**PROBLEM STATEMENT**
For each line below that holds the string "Classic", add one to a tally; report that tally alone.

**SUPPLIED MATERIAL**
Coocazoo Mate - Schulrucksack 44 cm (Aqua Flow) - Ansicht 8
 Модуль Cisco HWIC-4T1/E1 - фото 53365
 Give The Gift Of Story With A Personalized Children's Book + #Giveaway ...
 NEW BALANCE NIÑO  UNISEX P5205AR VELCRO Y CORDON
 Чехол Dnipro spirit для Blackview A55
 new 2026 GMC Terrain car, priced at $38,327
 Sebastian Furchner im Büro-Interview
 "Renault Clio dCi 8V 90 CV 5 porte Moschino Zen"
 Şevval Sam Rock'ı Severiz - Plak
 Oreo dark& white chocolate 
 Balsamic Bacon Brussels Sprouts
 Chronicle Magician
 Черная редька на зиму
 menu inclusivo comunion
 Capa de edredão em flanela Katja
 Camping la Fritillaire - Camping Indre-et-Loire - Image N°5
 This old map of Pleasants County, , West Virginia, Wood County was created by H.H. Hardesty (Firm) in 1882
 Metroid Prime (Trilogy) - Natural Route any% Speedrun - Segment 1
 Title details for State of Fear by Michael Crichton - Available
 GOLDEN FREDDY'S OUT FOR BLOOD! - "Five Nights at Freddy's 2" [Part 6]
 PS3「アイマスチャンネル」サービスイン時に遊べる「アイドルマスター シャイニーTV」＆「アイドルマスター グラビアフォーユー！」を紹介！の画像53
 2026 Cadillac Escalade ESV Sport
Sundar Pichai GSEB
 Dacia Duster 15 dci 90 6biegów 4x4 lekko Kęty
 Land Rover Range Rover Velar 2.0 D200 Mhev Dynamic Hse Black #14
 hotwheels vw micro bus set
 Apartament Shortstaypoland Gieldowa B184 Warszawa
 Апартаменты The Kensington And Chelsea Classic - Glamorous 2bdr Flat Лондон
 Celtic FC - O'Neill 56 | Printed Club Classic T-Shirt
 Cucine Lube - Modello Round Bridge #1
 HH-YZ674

**TASK RESPONSE**
2